- _Problem to work on_: All lines from the opening of the data to the line containing "Rolex Datejust 69160" must be returned unchanged, and only those lines.

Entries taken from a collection
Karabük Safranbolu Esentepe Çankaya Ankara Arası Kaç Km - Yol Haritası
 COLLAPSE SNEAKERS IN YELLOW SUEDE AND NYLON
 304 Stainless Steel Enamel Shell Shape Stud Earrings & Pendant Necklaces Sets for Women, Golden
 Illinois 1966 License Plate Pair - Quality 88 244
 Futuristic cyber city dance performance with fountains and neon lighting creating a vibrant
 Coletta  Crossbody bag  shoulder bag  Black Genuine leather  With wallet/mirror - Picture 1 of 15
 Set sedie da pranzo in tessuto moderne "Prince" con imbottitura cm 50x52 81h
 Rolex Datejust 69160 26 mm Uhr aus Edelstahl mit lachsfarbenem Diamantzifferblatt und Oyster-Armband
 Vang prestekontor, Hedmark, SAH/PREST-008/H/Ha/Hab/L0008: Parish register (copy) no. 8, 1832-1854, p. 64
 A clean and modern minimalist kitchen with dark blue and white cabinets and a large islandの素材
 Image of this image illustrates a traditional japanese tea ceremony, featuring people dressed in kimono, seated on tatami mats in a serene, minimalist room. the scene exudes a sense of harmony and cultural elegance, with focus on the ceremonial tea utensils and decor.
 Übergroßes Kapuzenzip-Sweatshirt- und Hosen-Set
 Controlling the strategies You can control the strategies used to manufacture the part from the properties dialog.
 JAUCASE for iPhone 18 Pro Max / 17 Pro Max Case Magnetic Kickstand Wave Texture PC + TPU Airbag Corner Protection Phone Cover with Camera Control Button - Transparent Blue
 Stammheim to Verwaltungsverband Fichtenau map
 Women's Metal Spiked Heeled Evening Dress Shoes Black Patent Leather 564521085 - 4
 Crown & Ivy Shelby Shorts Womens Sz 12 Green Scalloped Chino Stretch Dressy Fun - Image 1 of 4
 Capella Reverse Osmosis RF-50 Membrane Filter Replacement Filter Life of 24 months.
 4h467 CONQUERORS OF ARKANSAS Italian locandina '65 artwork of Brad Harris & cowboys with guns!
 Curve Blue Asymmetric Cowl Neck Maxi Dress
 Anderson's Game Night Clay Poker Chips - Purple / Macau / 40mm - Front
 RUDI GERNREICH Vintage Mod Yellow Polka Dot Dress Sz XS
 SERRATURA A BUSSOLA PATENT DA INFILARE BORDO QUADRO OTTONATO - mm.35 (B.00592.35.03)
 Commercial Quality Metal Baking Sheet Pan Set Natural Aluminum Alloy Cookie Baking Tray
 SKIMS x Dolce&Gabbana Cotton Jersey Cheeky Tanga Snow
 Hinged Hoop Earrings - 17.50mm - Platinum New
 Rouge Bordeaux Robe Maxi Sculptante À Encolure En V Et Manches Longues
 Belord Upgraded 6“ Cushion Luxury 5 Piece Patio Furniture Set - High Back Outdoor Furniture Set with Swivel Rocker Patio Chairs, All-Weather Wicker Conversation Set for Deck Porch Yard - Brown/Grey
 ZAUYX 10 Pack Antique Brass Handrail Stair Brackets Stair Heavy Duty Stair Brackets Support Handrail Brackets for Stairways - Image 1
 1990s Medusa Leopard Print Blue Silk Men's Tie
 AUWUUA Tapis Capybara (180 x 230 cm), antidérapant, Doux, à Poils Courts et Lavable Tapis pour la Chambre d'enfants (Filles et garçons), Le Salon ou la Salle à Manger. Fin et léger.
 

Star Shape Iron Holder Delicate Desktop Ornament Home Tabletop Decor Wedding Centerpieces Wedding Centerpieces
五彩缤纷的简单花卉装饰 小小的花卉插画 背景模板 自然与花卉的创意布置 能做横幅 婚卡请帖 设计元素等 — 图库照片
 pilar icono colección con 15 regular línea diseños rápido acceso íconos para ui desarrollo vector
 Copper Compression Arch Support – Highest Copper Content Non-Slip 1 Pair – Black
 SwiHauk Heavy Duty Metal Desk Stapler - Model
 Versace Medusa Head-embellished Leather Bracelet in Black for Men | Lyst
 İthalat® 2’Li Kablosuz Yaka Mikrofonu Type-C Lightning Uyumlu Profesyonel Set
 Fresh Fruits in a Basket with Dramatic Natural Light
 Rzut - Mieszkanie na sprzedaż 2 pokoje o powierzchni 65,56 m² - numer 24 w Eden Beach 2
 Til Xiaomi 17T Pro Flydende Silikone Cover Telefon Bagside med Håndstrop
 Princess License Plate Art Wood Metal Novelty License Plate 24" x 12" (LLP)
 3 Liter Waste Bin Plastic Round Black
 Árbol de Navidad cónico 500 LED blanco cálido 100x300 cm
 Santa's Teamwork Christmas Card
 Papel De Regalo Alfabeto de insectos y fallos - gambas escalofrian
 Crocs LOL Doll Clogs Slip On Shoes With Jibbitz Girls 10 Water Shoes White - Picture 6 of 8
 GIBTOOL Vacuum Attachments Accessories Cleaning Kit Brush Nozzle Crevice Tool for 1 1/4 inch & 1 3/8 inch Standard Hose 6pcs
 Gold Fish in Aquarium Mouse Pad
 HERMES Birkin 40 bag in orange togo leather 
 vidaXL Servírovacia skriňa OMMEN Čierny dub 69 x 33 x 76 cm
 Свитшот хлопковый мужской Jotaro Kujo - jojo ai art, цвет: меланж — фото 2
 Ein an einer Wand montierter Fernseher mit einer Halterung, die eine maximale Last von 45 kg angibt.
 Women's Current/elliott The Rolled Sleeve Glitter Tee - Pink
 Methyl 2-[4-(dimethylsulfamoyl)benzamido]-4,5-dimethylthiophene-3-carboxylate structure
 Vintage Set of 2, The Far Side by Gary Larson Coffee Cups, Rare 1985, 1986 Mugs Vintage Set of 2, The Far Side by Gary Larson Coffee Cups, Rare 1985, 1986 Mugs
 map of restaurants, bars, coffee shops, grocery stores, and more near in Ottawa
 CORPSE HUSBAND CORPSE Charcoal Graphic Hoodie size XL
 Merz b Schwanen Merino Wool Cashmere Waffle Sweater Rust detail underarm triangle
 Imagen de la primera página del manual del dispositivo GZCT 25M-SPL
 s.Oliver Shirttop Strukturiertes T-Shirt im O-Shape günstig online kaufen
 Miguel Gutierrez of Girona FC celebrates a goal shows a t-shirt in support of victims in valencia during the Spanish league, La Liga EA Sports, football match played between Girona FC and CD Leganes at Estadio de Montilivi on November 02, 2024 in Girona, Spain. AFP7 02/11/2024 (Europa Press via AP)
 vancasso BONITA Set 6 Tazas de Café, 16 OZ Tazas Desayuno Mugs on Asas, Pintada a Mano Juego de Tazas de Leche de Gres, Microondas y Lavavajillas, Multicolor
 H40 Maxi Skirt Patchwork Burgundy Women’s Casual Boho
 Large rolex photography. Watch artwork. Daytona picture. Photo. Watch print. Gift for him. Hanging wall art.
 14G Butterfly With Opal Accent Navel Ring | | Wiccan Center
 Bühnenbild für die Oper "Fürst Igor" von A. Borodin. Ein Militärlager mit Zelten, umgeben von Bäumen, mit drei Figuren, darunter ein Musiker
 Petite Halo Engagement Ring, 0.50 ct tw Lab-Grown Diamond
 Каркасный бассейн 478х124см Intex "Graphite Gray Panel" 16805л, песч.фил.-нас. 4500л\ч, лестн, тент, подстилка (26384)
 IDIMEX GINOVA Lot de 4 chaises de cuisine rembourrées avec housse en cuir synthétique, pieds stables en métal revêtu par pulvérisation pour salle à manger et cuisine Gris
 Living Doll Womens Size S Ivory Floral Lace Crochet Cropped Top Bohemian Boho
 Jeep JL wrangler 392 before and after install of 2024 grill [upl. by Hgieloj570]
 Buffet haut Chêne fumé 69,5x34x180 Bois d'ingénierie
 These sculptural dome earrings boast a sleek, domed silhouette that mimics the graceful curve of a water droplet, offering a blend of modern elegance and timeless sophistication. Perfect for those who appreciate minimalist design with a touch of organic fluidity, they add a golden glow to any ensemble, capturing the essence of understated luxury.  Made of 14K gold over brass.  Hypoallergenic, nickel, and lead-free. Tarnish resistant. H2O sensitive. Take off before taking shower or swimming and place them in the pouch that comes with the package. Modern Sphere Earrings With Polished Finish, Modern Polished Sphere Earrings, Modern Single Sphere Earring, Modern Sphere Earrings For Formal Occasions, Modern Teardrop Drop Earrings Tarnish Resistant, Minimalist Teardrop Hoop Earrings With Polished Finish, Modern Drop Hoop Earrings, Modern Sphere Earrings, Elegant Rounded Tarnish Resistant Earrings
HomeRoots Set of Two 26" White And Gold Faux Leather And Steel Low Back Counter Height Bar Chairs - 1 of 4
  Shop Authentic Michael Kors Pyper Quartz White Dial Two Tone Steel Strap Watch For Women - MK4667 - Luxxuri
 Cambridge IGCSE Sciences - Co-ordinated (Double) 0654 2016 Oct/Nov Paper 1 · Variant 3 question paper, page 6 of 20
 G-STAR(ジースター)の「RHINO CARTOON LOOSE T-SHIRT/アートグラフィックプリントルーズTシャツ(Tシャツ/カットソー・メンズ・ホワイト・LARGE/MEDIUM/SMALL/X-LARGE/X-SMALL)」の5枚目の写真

- _Answer section_:
Karabük Safranbolu Esentepe Çankaya Ankara Arası Kaç Km - Yol Haritası
 COLLAPSE SNEAKERS IN YELLOW SUEDE AND NYLON
 304 Stainless Steel Enamel Shell Shape Stud Earrings & Pendant Necklaces Sets for Women, Golden
 Illinois 1966 License Plate Pair - Quality 88 244
 Futuristic cyber city dance performance with fountains and neon lighting creating a vibrant
 Coletta  Crossbody bag  shoulder bag  Black Genuine leather  With wallet/mirror - Picture 1 of 15
 Set sedie da pranzo in tessuto moderne "Prince" con imbottitura cm 50x52 81h
 Rolex Datejust 69160 26 mm Uhr aus Edelstahl mit lachsfarbenem Diamantzifferblatt und Oyster-Armband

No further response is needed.